Data excerpts:
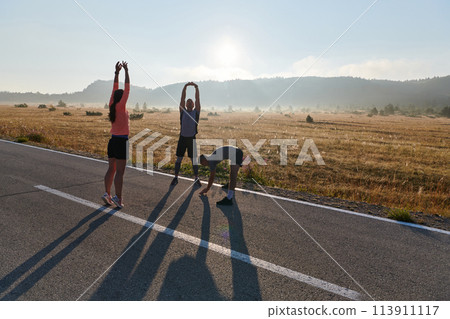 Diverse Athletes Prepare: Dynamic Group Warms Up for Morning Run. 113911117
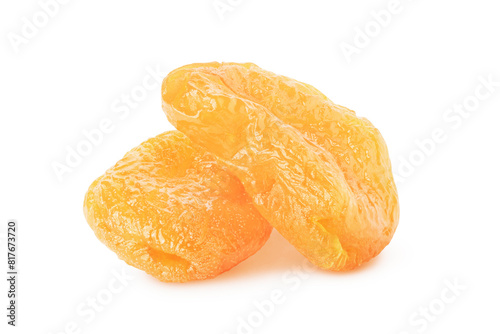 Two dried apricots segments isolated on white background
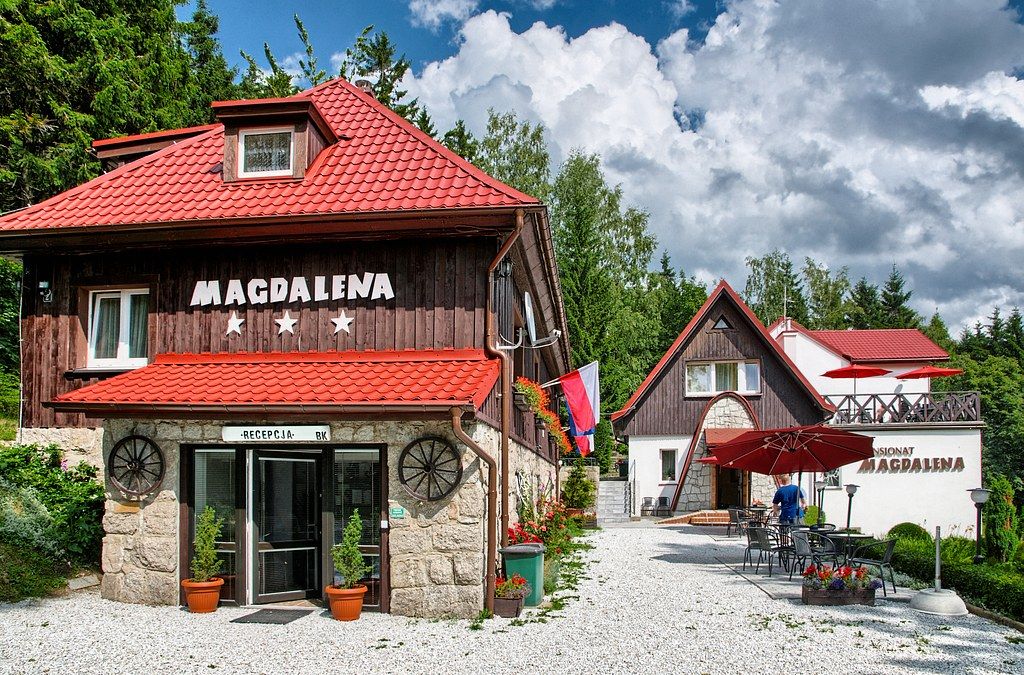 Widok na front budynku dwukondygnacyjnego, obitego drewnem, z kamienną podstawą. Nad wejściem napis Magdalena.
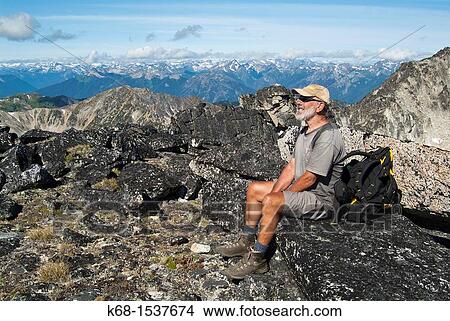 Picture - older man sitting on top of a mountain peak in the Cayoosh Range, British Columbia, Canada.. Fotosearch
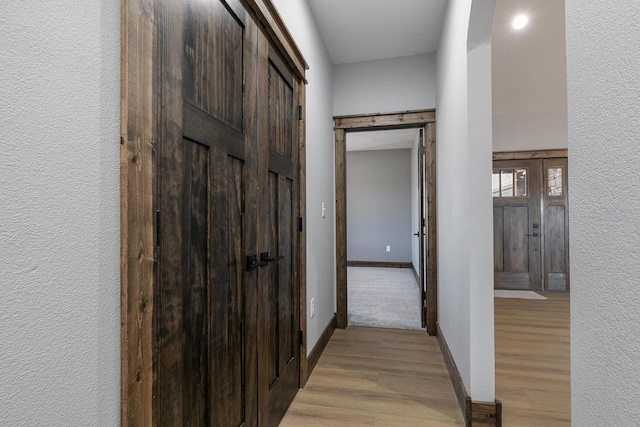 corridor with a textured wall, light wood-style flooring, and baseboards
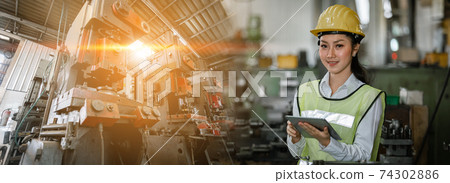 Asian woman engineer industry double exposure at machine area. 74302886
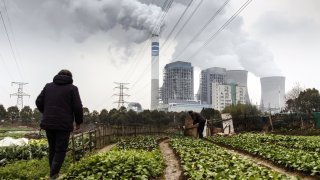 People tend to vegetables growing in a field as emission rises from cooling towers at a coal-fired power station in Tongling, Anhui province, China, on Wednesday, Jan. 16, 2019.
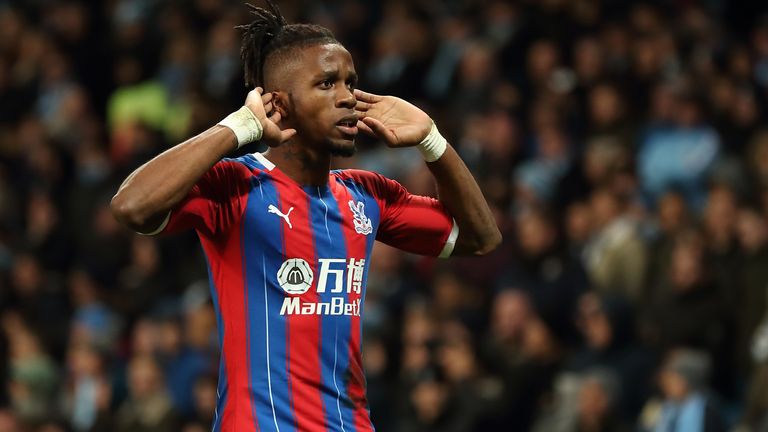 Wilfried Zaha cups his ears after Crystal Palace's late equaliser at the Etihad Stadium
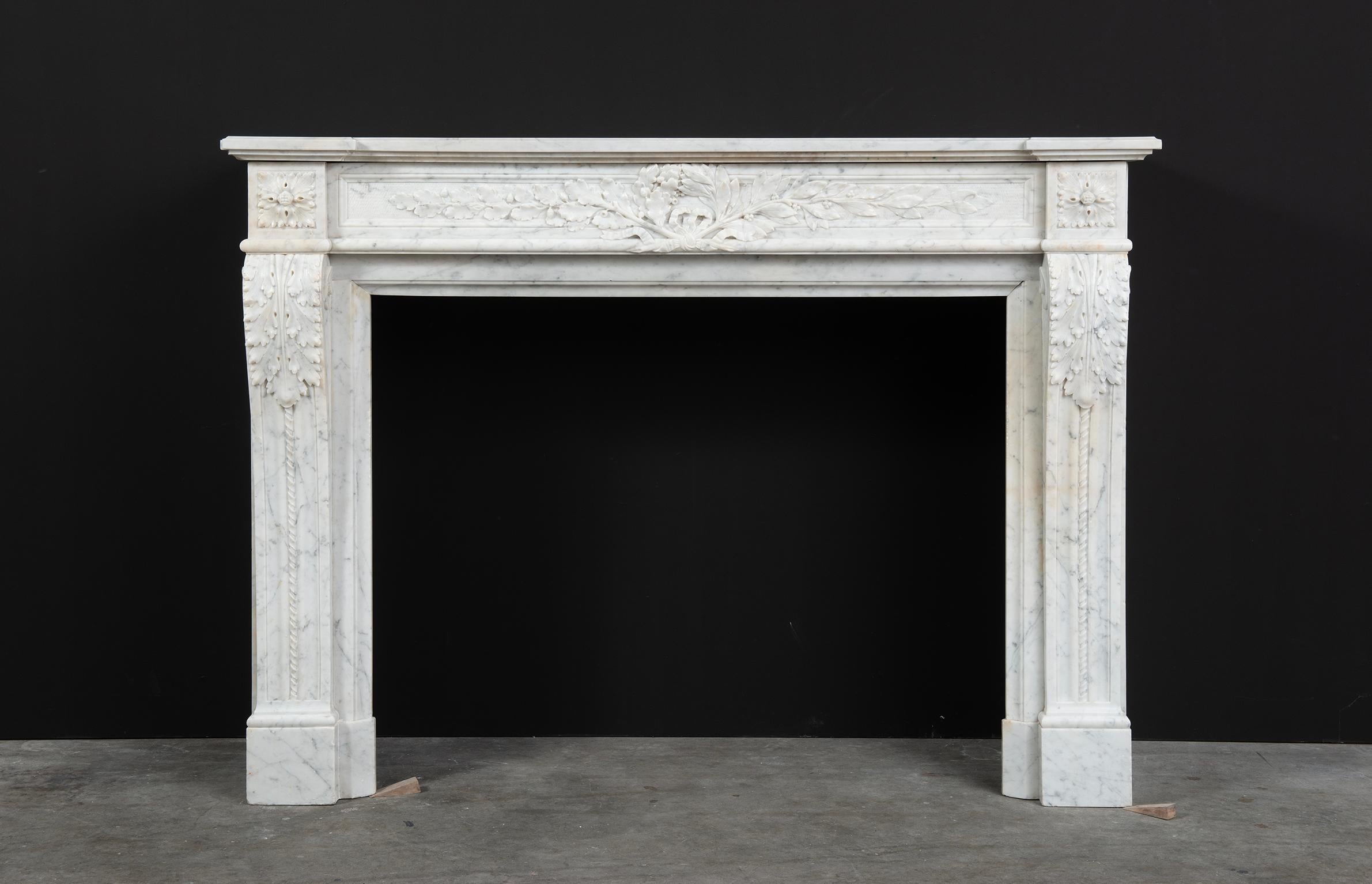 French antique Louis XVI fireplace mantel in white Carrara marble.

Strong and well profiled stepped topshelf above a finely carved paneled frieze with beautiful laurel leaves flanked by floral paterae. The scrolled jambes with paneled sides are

Aim of the task:
Reproduce the listing word for word. Do not carry over the pictures.

Result for this task:
 Diverse Athletes Prepare: Dynamic Group Warms Up for Morning Run. 113911117
 Two dried apricots segments isolated on white background
 Widok na front budynku dwukondygnacyjnego, obitego drewnem, z kamienną podstawą. Nad wejściem napis Magdalena.
 Picture - older man sitting on top of a mountain peak in the Cayoosh Range, British Columbia, Canada.. Fotosearch
 corridor with a textured wall, light wood-style flooring, and baseboards
 Asian woman engineer industry double exposure at machine area. 74302886
 People tend to vegetables growing in a field as emission rises from cooling towers at a coal-fired power station in Tongling, Anhui province, China, on Wednesday, Jan. 16, 2019.
 Wilfried Zaha cups his ears after Crystal Palace's late equaliser at the Etihad Stadium
 French antique Louis XVI fireplace mantel in white Carrara marble.

Strong and well profiled stepped topshelf above a finely carved paneled frieze with beautiful laurel leaves flanked by floral paterae. The scrolled jambes with paneled sides are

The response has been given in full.